**The problem:**
Quote each line exactly, from the line that contains "Видео: Щуки просыпаются-лето" down to the last line of the listing, and no other lines.

**Records to use:**

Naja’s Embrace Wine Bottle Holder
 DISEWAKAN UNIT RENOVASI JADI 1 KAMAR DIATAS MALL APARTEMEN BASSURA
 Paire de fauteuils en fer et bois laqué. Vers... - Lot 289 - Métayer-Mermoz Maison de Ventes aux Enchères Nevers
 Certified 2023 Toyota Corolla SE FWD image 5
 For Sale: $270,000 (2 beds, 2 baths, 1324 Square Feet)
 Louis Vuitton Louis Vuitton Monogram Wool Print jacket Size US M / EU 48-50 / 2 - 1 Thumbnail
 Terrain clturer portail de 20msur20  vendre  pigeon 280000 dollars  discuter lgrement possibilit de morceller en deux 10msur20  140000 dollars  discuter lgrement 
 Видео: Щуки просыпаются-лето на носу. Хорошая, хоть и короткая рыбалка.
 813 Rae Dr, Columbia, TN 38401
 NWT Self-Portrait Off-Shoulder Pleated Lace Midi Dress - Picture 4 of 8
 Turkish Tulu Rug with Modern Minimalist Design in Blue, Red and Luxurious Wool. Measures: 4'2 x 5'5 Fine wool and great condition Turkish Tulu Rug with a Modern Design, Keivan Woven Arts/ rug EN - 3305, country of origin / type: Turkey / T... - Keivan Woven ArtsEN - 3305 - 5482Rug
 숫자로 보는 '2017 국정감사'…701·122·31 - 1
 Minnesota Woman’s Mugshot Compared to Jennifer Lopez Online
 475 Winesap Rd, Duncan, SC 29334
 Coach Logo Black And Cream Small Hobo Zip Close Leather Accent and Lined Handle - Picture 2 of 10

**Result of this task:**
 Видео: Щуки просыпаются-лето на носу. Хорошая, хоть и короткая рыбалка.
 813 Rae Dr, Columbia, TN 38401
 NWT Self-Portrait Off-Shoulder Pleated Lace Midi Dress - Picture 4 of 8
 Turkish Tulu Rug with Modern Minimalist Design in Blue, Red and Luxurious Wool. Measures: 4'2 x 5'5 Fine wool and great condition Turkish Tulu Rug with a Modern Design, Keivan Woven Arts/ rug EN - 3305, country of origin / type: Turkey / T... - Keivan Woven ArtsEN - 3305 - 5482Rug
 숫자로 보는 '2017 국정감사'…701·122·31 - 1
 Minnesota Woman’s Mugshot Compared to Jennifer Lopez Online
 475 Winesap Rd, Duncan, SC 29334
 Coach Logo Black And Cream Small Hobo Zip Close Leather Accent and Lined Handle - Picture 2 of 10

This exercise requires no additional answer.